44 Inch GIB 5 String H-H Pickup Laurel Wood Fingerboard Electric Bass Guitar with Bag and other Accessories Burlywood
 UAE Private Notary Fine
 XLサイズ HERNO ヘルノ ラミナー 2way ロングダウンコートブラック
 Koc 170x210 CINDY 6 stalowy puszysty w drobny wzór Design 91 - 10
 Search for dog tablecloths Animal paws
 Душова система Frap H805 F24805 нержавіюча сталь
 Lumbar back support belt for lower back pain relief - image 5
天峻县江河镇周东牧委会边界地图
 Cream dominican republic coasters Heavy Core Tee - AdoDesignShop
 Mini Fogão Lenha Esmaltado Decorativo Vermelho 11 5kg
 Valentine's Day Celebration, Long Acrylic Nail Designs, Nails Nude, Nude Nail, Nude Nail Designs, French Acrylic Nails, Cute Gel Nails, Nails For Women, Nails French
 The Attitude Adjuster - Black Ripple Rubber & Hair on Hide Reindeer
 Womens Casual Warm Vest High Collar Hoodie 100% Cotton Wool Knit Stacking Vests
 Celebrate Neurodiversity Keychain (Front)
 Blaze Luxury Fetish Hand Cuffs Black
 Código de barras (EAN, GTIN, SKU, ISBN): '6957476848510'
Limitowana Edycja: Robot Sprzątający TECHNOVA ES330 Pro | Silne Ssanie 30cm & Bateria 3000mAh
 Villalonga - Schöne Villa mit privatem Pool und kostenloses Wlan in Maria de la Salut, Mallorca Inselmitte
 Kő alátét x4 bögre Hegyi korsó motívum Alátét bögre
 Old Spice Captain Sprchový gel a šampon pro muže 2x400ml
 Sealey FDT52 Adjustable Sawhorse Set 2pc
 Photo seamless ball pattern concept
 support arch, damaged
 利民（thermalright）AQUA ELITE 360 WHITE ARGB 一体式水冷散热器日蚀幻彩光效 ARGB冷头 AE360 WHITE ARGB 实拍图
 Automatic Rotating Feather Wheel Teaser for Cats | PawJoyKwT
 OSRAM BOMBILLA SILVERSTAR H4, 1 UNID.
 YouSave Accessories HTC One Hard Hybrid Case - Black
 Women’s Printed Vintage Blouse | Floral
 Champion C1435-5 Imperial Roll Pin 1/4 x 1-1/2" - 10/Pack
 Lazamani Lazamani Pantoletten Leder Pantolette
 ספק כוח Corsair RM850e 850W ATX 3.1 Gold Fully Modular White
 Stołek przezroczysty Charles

▶ Instructions to follow
For the span from the line containing "ספק כוח Corsair" through the last line of the entries above, transcribe each line exactly and leave out everything else.

▶ Response area
 ספק כוח Corsair RM850e 850W ATX 3.1 Gold Fully Modular White
 Stołek przezroczysty Charles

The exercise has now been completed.